She goes one step deeper in describing a particular success. “I won’t say who the perpetrator was, but in documenting civilian casualties from an air strike, the respective party denied it happened. One guy lost dozens of members of his family, but the party denied it happened. You see the rubble and the dead bodies, it’s pretty upsetting, and you can’t stop working until you get an acknowledgement. I flew out to the province and really pushed that particular party, working with them, conducting an investigation, and eventually they gave compensation. It doesn’t correct it, but is some acknowledgement that those family members lived. And accountability is important or they’ll keep doing it over and over.”
In 2014, while in Afghanistan, Case launched her own non-profit, Free to Run. “While in Afghanistan, I used running to raise money for a women’s shelter, and was getting to know the women at the shelter. Running was more valuable to them than money and I thought there must be a better way I could support them. During the year there no one wanted to do it, it was too risky and no one saw the importance or impact it could have. I talked to a few friends and they gave me seed money and now we’re in five provinces in Afghanistan. We’re in one province where no one else is doing this stuff,” she says proudly. The non-profit operates in Iraq too.
“It’s not focused on athletic excellence at all, but we look at what sports can do to drive social change. There are three pillars: physical activity, life skills through sports, and a volunteering component. We try to help reclaim public space. In these areas that are really affected by conflict, women are invisible. But through our activities, we try to change women’s roles.

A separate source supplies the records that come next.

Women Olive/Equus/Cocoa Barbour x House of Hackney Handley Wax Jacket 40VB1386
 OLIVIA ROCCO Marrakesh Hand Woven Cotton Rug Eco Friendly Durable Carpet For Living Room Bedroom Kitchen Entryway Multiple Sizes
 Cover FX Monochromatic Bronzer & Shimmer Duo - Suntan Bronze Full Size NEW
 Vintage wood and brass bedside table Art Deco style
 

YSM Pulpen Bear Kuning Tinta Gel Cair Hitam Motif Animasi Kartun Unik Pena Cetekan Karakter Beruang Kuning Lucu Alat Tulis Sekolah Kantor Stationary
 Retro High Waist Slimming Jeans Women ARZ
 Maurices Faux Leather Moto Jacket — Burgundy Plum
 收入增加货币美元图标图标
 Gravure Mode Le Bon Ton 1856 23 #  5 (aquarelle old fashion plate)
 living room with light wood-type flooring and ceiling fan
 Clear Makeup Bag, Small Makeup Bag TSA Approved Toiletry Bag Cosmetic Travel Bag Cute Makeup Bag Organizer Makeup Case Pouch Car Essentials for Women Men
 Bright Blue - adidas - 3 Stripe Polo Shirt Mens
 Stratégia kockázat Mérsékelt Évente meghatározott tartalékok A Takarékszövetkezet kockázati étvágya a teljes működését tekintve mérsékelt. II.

This year we reached 800 women through all of our activities,” Case’s voice rings with passion. “We take the curriculum into schools to spread the impact.”
After over two years in Afghanistan, for the second time, Case just transitioned into a UN role in New York, but is working remotely from Chamonix at present. It’s the same place where she suffered a serious glacier fall on New Year’s Day in 2017, and is still something of a home and retreat away from the seriousness of other work locations. She’s working as a human-rights analyst at the UN’s Crisis Center, monitoring conflicts and situations all over the world and looking to see how they can use human rights better. “We can flag situations earlier, prevent things,” Case said.
“It’s pretty traumatic, heavy work. If a person’s killed or kidnapped, you can’t get away from it,” but for Case, part of her escape is ultrarunning, and she’s finished long adventures like Tor des Géants and the Andorra Ultra Trail, in addition to mainstays like the Western States 100 and Transvulcania Ultramarathon. “In many ways, I wish I didn’t want to do this kind of work. I am happy though that I have a clear idea about what I want to do. If I didn’t do this, I might be a millionaire, married, have kids. I’m separated from friends and family. I can’t expect other people to understand this way of life without having the experiences. It’s not dramatic to say this is a calling, but I know everyone has a place, whether that’s being a great dad or working at a store. If I didn’t do this work I’d be leaving a hole.”
Stephanie Case talked a few times about gaining street cred on her path to reach this point, and dang, she’s got it in my book. And the trail cred’s there too.